## SUPPLIED ENTRIES:
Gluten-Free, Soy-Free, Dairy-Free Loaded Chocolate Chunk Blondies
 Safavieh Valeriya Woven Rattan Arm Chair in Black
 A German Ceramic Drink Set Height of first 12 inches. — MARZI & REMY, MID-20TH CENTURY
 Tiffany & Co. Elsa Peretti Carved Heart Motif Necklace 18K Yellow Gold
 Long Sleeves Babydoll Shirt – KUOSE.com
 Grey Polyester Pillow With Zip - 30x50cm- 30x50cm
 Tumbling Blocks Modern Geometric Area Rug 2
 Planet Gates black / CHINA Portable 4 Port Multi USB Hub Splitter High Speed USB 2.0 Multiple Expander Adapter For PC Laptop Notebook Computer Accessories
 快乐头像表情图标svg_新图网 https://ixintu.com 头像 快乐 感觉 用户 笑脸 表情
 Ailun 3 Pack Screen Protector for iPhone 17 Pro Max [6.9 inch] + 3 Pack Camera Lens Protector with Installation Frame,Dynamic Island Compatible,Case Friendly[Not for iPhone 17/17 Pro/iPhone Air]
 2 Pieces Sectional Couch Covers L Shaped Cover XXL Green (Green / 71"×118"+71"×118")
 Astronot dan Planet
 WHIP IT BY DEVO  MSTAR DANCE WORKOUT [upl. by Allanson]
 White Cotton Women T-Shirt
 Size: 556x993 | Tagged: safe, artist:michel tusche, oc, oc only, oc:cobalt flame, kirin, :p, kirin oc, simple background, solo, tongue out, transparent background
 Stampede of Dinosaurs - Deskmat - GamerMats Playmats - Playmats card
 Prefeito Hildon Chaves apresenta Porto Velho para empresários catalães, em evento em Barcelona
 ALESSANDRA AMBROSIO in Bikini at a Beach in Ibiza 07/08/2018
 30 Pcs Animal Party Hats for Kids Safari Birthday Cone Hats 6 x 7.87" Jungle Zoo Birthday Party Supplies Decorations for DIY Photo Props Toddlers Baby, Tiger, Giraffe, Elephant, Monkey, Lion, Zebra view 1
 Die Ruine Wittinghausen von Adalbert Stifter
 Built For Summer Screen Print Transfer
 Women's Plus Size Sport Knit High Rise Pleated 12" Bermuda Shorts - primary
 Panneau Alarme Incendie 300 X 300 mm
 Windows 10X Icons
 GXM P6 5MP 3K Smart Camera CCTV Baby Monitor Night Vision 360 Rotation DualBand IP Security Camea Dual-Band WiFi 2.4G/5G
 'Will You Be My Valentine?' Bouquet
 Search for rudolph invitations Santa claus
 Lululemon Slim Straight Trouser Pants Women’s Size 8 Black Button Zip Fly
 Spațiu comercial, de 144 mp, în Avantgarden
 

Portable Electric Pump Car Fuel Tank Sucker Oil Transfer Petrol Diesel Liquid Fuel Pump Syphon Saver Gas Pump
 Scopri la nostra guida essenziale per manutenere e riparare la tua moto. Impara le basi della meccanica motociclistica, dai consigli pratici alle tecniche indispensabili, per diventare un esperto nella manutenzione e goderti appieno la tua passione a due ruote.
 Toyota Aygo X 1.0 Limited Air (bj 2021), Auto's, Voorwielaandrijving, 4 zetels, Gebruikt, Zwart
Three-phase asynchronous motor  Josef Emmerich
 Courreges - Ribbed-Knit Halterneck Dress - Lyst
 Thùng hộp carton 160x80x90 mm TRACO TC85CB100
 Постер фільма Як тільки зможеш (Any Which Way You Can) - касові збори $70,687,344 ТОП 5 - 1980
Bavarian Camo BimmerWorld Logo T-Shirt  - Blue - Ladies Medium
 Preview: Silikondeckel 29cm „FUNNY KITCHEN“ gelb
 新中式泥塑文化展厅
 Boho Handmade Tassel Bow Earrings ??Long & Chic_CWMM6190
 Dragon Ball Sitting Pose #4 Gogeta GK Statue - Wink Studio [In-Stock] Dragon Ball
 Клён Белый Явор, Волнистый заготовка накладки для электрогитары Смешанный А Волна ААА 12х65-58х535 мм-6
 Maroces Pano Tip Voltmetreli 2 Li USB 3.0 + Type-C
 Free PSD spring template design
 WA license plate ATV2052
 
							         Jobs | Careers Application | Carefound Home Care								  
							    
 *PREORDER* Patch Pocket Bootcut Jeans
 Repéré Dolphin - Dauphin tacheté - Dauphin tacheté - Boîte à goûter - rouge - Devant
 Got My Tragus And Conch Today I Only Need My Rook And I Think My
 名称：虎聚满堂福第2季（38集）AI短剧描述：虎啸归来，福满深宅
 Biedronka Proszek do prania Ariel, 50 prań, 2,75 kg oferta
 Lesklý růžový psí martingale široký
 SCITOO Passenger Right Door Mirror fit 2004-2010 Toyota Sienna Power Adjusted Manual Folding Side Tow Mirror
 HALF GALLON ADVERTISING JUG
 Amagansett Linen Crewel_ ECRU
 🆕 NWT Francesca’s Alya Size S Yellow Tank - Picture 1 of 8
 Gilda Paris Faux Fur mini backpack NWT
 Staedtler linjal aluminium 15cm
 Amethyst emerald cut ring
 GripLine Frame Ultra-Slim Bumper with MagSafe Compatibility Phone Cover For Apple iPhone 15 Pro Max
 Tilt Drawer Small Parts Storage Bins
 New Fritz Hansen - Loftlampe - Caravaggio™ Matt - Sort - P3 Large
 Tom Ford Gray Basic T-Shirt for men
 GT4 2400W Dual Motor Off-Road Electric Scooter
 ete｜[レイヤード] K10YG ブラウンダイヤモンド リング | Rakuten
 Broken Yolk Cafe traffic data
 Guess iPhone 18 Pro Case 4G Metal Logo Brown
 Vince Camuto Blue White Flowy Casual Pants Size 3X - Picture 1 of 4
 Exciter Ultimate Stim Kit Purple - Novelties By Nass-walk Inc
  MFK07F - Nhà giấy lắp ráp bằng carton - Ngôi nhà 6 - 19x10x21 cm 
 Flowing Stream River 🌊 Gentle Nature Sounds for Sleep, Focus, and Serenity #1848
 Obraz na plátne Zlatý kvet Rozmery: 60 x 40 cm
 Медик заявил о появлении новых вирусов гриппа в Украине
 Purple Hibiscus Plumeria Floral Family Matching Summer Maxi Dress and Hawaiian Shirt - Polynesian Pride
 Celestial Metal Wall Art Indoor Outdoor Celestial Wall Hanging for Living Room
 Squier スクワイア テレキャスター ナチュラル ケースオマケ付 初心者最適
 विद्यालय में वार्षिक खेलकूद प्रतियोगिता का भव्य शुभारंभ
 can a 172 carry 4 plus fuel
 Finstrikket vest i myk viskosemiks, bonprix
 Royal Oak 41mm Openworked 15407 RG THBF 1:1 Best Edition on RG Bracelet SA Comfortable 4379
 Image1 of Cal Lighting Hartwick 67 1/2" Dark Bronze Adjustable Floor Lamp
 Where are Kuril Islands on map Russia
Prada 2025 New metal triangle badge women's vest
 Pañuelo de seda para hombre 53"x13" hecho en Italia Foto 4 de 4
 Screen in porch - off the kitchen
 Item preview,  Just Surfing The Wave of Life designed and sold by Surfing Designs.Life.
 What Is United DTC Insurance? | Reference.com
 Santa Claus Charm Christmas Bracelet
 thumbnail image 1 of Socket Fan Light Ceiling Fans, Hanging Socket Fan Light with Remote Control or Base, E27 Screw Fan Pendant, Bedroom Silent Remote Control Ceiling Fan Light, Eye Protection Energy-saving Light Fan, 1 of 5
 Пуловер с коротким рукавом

## WORK TASK:
Give again, exactly as written, every line from the first one above through the line that has "Tumbling Blocks Modern Geometric Area Rug 2" in it.

## YOUR RESPONSE:
Gluten-Free, Soy-Free, Dairy-Free Loaded Chocolate Chunk Blondies
 Safavieh Valeriya Woven Rattan Arm Chair in Black
 A German Ceramic Drink Set Height of first 12 inches. — MARZI & REMY, MID-20TH CENTURY
 Tiffany & Co. Elsa Peretti Carved Heart Motif Necklace 18K Yellow Gold
 Long Sleeves Babydoll Shirt – KUOSE.com
 Grey Polyester Pillow With Zip - 30x50cm- 30x50cm
 Tumbling Blocks Modern Geometric Area Rug 2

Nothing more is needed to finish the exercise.